- _EXERCISE OBJECTIVE_: Find the line that contains "Methyl 6-bromo-2-methyl-2h-indazole-4-carboxylate" in the records below, then repeat exactly that line and each one after it, leaving pictures out.

- _TASK MATERIAL_:
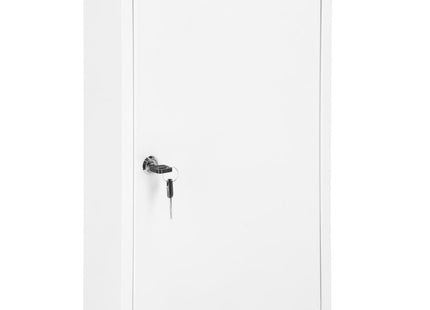 Sleutelkluis | Sleutelkast | Sleutelbox | 64 Haken | 45 x 30 x 8 cm | Wit
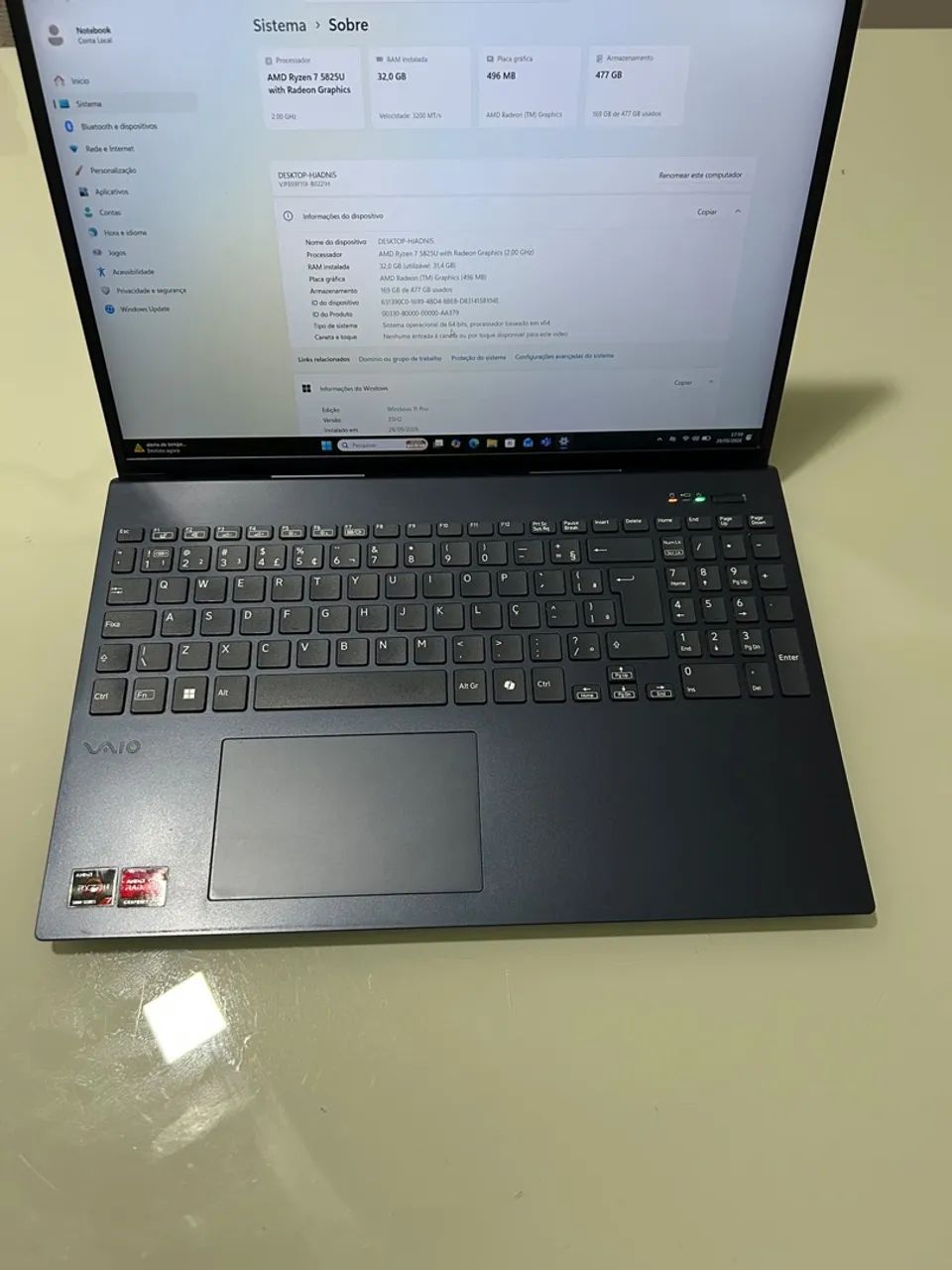 Notebook vaio fe 16 32gb de ram - Foto 4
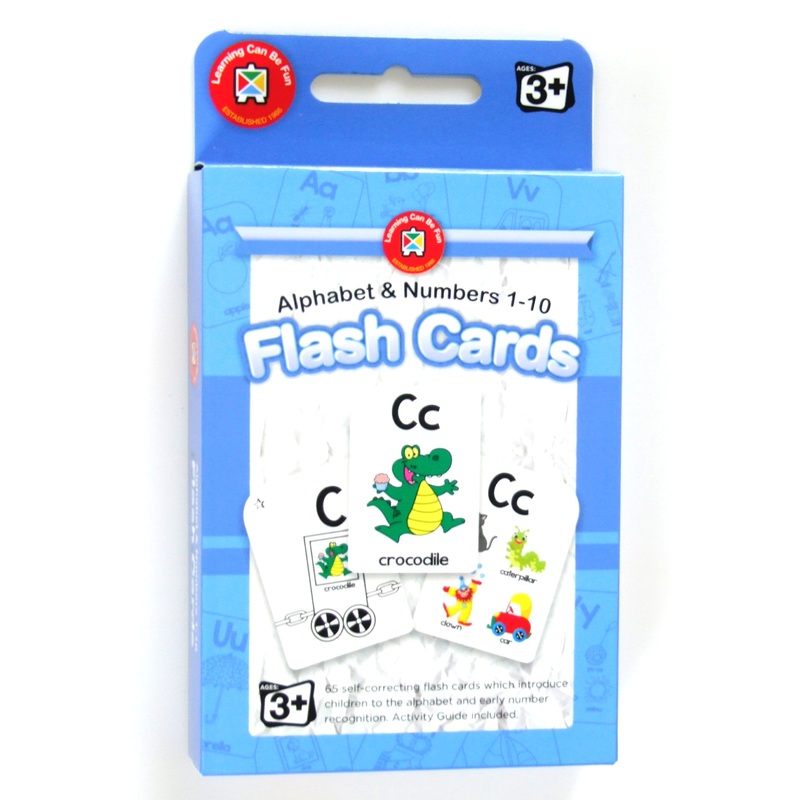 Alphabet and Numbers 1-10 Flash Cards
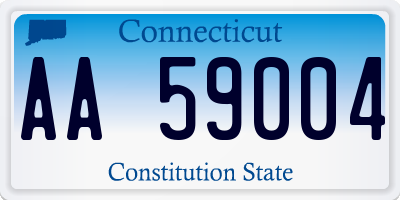 CT license plate AA59004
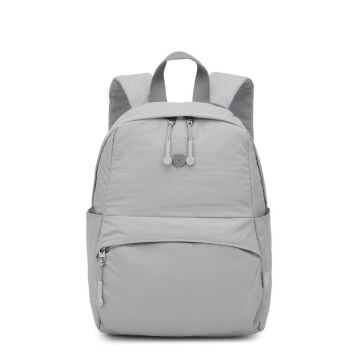 Smart Bags Mikro Poly Kumaş Kadın Sırt Çantası 3344 Gri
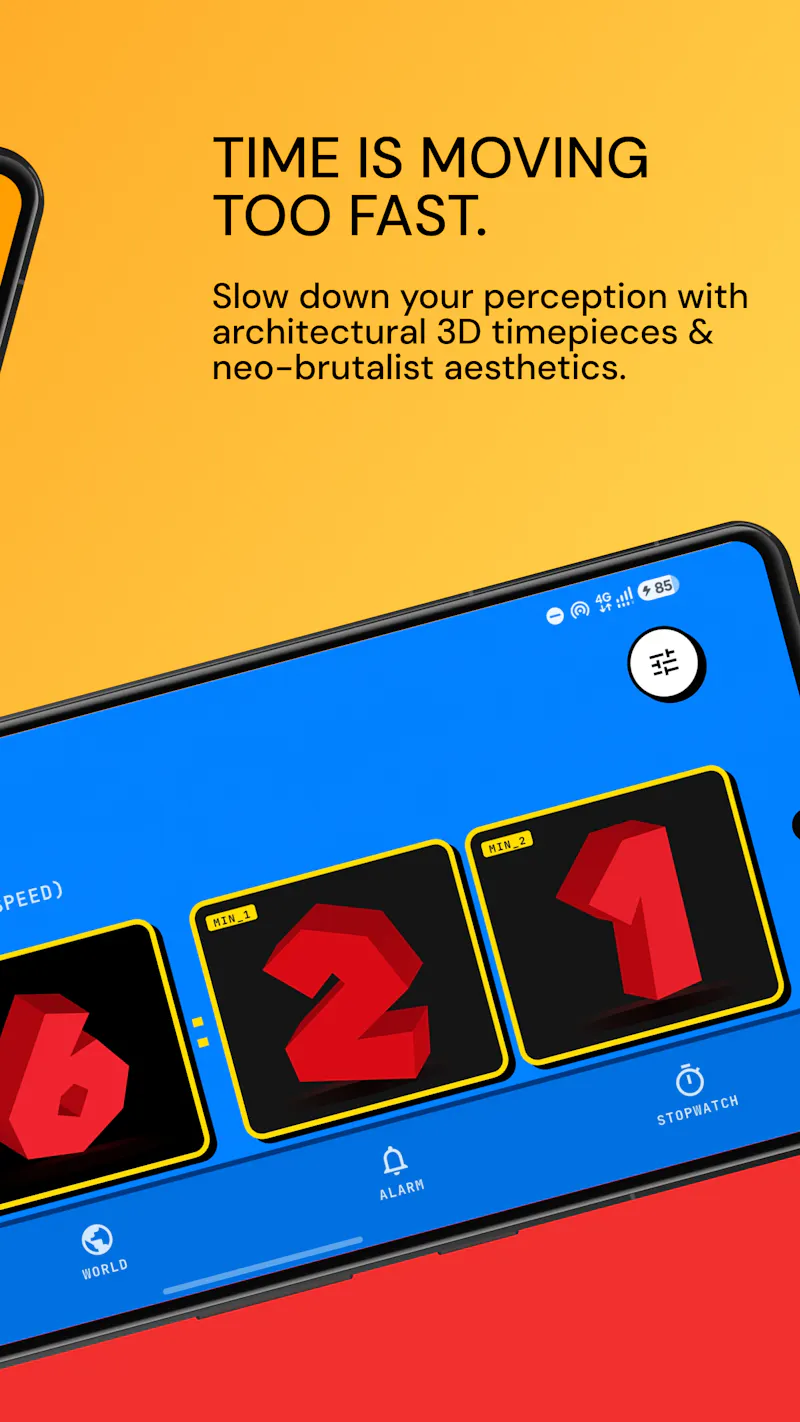 Slow Clock: 3D Timepiece screenshot 2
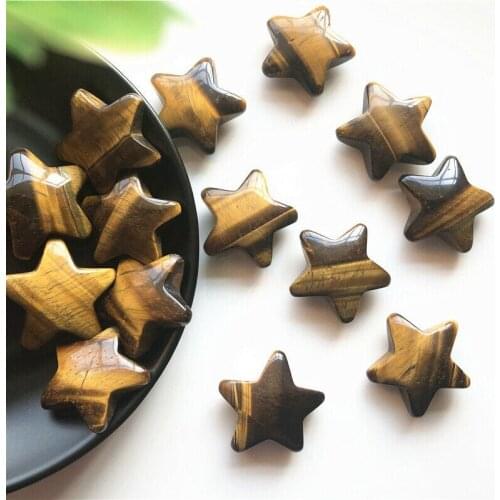Natural Tiger eye Crystals Star Shaped Stone Healing Gemstone1pc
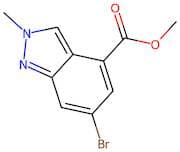 Methyl 6-bromo-2-methyl-2h-indazole-4-carboxylate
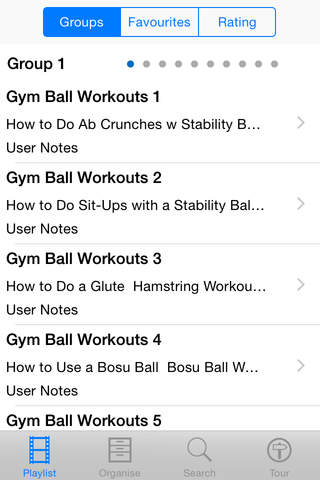 Gym Ball Workouts screenshot 2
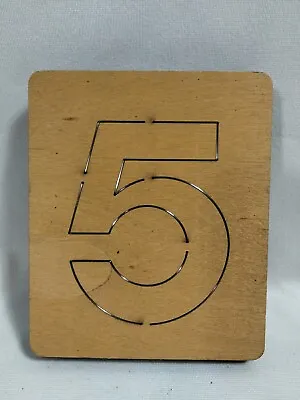 Number 5 4  Accu-Cut Accucut Ellison Educational Wooden Dies 5x6 Arts & Crafts • $10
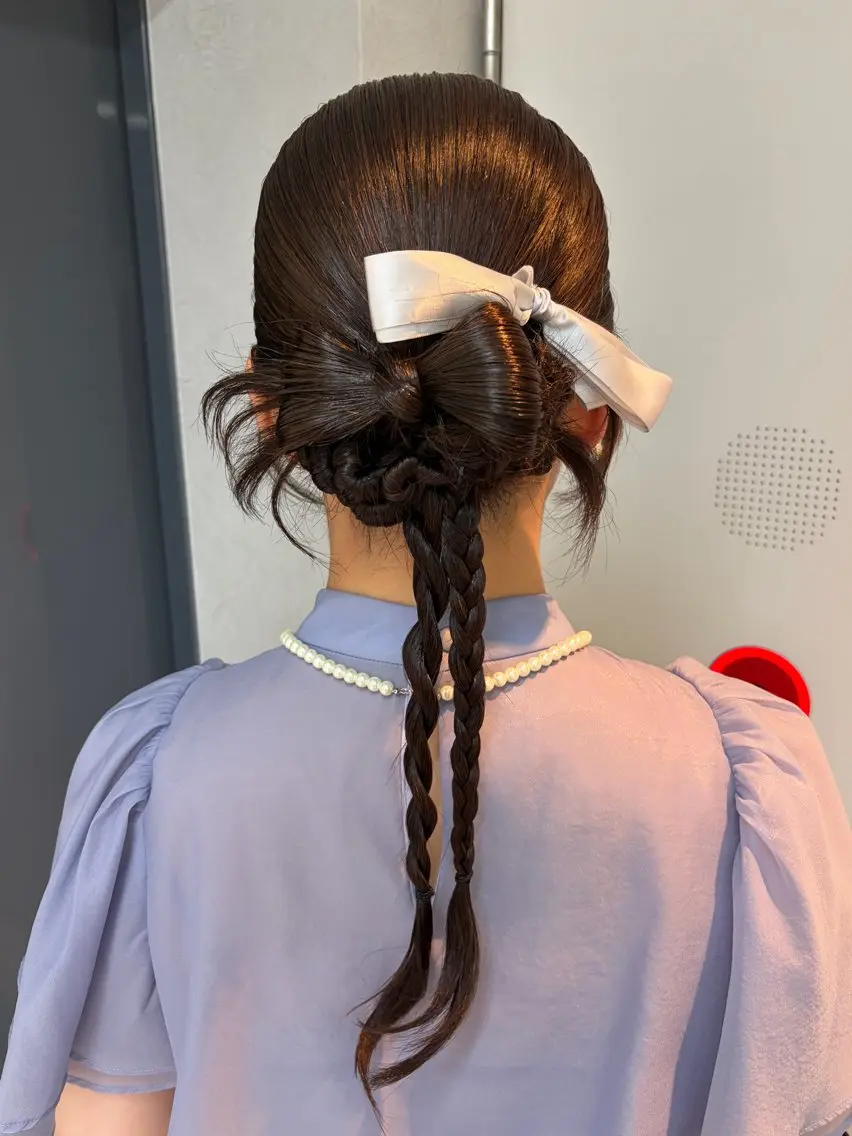 ロング ヘアアレンジ ヘアセット 🎀asumi🍓 モデル様募集中🎀のヘアスタイル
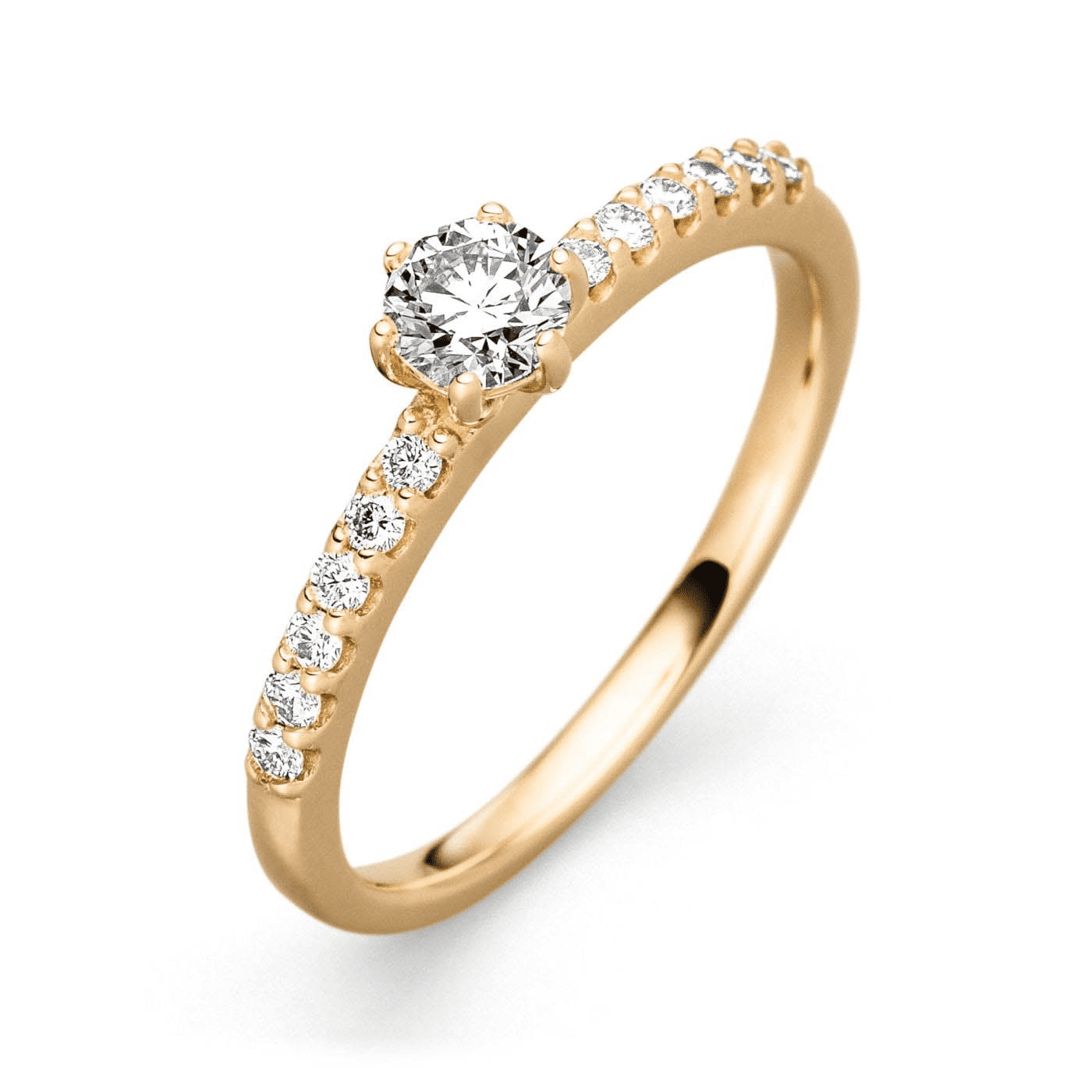 Ring Diamant zus. ca. 0,50 ct. 585er Gelbgold Princess Ring Diamant zus. ca. 0,50 ct. 585er Gelbgold Princess
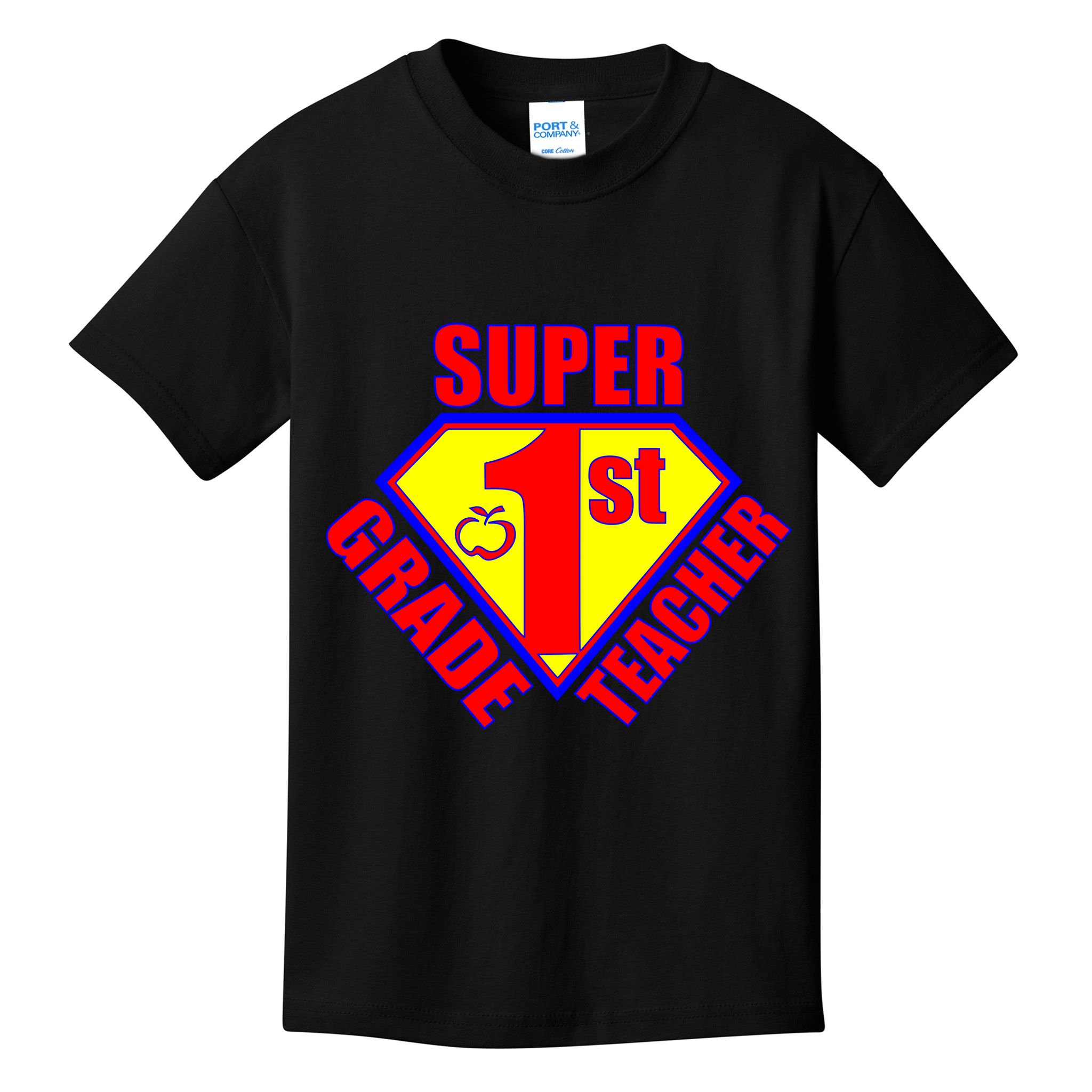 Super 1st Grade Teacher Kids T-Shirt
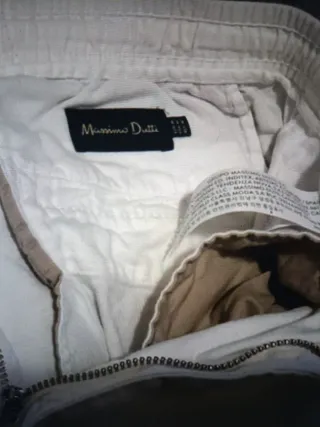 Pantalón corto Massimo Dutti Talla M Blanco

- _FINISHED EXERCISE_:
 Methyl 6-bromo-2-methyl-2h-indazole-4-carboxylate
 Gym Ball Workouts screenshot 2
 Number 5 4  Accu-Cut Accucut Ellison Educational Wooden Dies 5x6 Arts & Crafts • $10
 ロング ヘアアレンジ ヘアセット 🎀asumi🍓 モデル様募集中🎀のヘアスタイル
 Ring Diamant zus. ca. 0,50 ct. 585er Gelbgold Princess Ring Diamant zus. ca. 0,50 ct. 585er Gelbgold Princess
 Super 1st Grade Teacher Kids T-Shirt
 Pantalón corto Massimo Dutti Talla M Blanco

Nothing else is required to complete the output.